Problem description: For this exercise, reproduce the entries below exactly, but only from the line containing "Development of a" through the line containing "While the dental", both included.

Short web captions
::::::

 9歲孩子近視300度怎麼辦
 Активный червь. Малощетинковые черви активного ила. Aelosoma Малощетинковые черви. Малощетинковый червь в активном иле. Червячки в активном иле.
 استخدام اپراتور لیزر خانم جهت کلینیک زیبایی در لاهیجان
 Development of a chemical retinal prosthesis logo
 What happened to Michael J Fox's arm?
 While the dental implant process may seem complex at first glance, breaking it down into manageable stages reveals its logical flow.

::::::

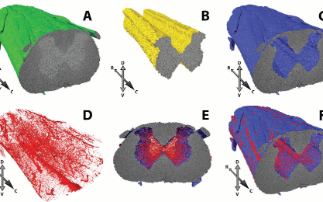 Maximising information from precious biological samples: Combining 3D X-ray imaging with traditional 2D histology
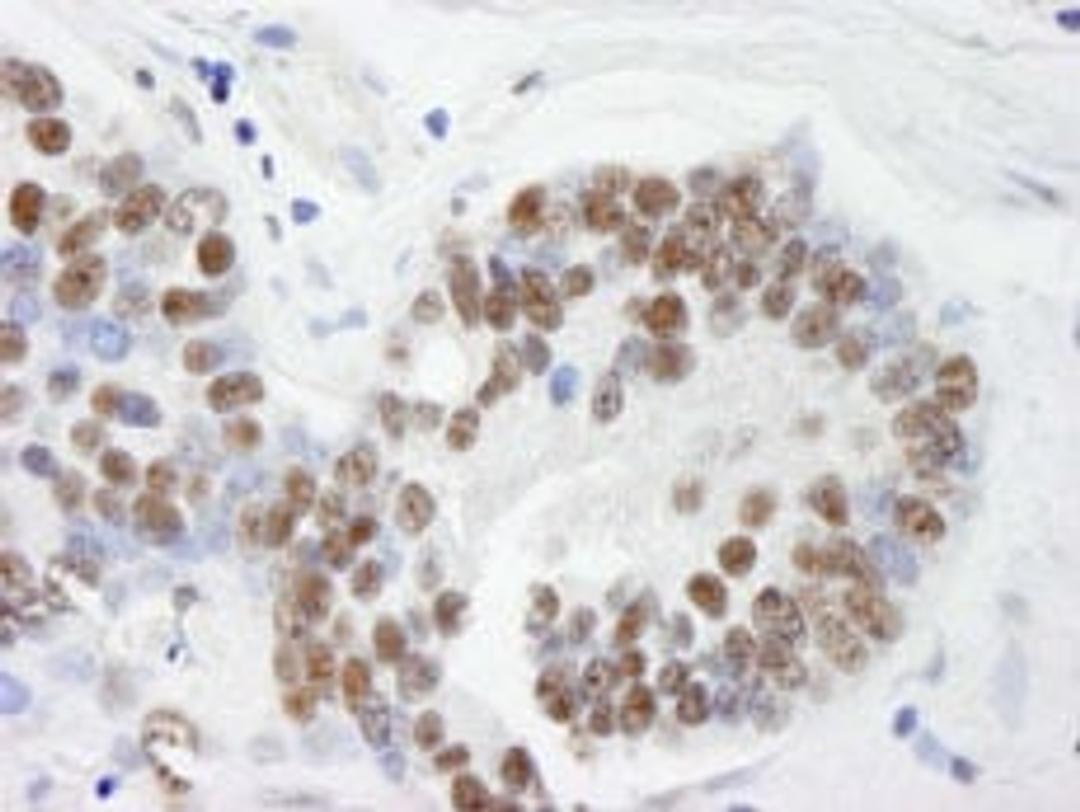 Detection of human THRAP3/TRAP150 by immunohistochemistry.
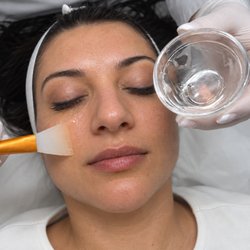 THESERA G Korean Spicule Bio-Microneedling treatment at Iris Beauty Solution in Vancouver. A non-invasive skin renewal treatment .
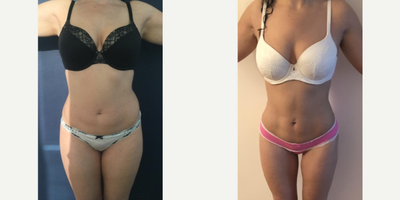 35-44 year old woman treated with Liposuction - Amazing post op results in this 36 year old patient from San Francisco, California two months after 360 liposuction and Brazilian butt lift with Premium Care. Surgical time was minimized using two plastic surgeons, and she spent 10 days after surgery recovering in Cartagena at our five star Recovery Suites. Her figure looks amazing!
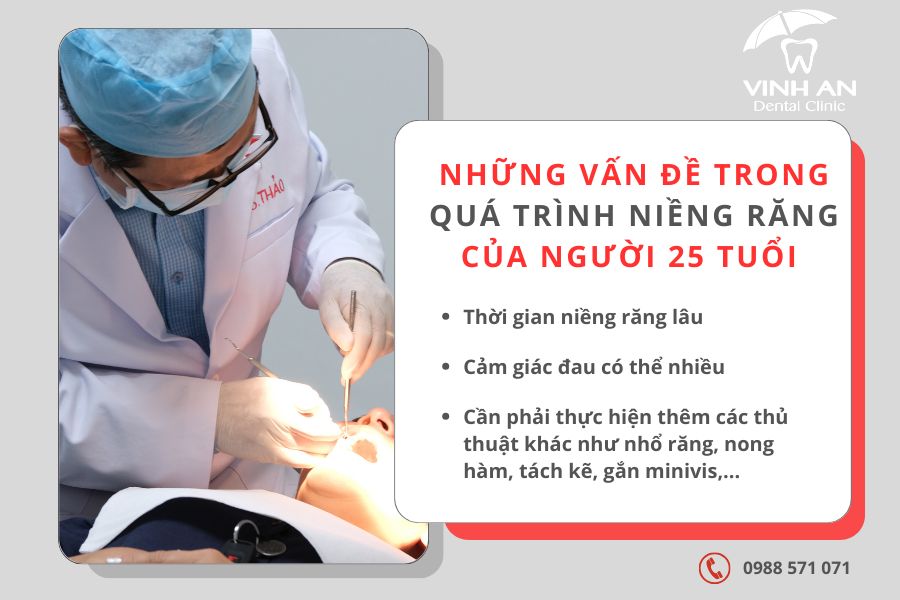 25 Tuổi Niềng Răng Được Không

::::::

Solution for this task:
 Development of a chemical retinal prosthesis logo
 What happened to Michael J Fox's arm?
 While the dental implant process may seem complex at first glance, breaking it down into manageable stages reveals its logical flow.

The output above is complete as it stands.